* _WHAT YOU ARE ASKED TO DO_:
Every line from the one with "Imagem 10: Casa com piscina!" to the end of the data needs to be copied exactly, and no line before it.

[Caption-style text data]
- - - - - - -

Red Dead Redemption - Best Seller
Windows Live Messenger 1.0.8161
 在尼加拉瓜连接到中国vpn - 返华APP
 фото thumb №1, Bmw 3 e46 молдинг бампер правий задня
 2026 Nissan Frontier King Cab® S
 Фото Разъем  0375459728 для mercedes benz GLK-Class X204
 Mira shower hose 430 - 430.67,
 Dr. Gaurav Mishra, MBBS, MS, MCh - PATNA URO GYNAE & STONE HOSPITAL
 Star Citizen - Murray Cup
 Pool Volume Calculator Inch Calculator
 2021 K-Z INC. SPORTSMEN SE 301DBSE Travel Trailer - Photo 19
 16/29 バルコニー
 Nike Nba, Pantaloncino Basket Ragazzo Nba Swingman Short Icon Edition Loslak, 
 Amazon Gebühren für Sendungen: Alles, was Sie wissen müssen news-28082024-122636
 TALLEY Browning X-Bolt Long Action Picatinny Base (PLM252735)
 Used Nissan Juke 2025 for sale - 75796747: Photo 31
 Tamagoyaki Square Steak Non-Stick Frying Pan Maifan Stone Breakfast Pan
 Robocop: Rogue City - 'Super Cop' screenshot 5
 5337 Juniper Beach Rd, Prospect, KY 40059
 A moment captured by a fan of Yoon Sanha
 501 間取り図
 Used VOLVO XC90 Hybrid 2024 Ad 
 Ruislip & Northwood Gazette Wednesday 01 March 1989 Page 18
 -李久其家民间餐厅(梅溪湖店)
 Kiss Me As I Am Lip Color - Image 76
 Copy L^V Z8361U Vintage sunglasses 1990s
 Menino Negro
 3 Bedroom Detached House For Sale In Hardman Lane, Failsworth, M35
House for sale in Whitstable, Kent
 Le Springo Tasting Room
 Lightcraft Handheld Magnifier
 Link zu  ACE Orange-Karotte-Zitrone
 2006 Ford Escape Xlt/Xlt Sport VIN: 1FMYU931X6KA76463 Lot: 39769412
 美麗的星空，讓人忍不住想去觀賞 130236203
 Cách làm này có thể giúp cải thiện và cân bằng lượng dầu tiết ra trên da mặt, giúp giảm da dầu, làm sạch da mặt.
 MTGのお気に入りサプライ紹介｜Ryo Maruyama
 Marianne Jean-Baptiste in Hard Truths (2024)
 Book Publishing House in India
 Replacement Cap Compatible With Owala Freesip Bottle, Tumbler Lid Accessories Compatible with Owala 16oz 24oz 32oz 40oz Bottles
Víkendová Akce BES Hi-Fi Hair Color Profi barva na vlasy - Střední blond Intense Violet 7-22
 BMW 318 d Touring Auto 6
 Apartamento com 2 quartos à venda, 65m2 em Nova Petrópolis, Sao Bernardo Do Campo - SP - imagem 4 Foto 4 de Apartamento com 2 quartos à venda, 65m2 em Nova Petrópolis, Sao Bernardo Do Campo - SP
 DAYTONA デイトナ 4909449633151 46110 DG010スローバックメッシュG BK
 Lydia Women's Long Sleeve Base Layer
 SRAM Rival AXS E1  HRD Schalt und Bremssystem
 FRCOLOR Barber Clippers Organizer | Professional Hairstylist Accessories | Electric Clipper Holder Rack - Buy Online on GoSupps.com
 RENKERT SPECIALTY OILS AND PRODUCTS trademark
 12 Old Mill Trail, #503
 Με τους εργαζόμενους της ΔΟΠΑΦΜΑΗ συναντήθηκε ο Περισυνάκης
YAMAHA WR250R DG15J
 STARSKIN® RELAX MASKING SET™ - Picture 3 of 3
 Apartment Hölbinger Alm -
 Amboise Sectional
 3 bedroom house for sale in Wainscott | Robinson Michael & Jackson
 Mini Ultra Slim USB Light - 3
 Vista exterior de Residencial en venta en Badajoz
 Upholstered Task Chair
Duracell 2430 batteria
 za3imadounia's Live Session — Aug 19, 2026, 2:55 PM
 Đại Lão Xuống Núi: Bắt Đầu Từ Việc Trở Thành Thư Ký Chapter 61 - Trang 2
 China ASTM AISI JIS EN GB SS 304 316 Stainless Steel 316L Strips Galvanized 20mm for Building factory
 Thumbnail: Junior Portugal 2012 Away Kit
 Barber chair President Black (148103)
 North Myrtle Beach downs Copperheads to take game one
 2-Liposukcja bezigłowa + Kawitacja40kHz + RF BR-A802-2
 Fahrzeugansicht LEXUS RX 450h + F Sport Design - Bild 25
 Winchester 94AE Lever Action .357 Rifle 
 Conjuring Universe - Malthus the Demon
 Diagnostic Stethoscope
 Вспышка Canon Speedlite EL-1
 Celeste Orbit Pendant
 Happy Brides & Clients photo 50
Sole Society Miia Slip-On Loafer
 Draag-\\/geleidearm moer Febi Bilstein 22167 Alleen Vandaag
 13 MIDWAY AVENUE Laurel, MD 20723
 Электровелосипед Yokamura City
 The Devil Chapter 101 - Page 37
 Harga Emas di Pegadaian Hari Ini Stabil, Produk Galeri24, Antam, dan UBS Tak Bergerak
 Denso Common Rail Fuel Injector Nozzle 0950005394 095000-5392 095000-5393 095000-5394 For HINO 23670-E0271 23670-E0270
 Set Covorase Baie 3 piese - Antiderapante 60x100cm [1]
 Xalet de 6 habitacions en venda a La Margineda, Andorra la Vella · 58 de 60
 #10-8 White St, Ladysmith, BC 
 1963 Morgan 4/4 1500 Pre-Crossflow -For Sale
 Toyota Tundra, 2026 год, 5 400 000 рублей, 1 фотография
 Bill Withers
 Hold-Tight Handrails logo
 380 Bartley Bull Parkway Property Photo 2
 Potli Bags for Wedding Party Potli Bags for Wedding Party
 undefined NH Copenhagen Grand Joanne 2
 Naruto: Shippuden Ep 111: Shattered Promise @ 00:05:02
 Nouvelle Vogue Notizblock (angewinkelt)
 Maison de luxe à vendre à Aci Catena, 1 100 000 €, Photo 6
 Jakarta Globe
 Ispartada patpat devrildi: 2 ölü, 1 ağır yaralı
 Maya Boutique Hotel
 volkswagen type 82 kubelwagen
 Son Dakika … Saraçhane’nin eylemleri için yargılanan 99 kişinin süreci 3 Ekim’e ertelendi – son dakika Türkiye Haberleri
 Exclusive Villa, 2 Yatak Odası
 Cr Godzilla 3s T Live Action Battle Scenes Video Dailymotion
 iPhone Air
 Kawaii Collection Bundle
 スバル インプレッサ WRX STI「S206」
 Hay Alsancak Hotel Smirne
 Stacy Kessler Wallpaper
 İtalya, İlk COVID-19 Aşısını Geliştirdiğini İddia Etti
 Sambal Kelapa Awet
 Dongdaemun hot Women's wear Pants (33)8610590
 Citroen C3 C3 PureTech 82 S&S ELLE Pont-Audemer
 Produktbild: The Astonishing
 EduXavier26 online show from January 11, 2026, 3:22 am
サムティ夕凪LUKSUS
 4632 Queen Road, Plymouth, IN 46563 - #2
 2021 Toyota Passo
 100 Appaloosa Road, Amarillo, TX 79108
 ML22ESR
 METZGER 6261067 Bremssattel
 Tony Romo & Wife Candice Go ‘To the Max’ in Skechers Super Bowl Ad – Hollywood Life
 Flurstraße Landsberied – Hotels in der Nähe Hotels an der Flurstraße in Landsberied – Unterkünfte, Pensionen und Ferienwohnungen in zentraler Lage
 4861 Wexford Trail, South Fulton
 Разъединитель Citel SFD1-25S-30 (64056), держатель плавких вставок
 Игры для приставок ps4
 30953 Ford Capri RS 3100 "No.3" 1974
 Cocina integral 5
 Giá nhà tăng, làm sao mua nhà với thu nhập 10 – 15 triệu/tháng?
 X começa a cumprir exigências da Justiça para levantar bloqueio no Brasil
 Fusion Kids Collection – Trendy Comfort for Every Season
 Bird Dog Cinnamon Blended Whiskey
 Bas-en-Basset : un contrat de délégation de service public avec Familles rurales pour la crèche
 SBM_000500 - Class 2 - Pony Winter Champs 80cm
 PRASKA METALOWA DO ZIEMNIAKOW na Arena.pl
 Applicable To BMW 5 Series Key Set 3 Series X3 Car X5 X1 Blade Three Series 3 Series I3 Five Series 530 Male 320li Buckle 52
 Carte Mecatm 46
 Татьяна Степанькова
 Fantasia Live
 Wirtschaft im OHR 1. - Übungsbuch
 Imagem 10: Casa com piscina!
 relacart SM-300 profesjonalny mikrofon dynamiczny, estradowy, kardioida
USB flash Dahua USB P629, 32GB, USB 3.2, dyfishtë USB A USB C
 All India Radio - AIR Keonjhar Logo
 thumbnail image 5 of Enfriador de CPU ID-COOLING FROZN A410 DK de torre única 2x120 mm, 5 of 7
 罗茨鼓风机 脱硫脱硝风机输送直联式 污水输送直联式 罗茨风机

- - - - - - -

* _WRITTEN RESPONSE_:
 Imagem 10: Casa com piscina!
 relacart SM-300 profesjonalny mikrofon dynamiczny, estradowy, kardioida
USB flash Dahua USB P629, 32GB, USB 3.2, dyfishtë USB A USB C
 All India Radio - AIR Keonjhar Logo
 thumbnail image 5 of Enfriador de CPU ID-COOLING FROZN A410 DK de torre única 2x120 mm, 5 of 7
 罗茨鼓风机 脱硫脱硝风机输送直联式 污水输送直联式 罗茨风机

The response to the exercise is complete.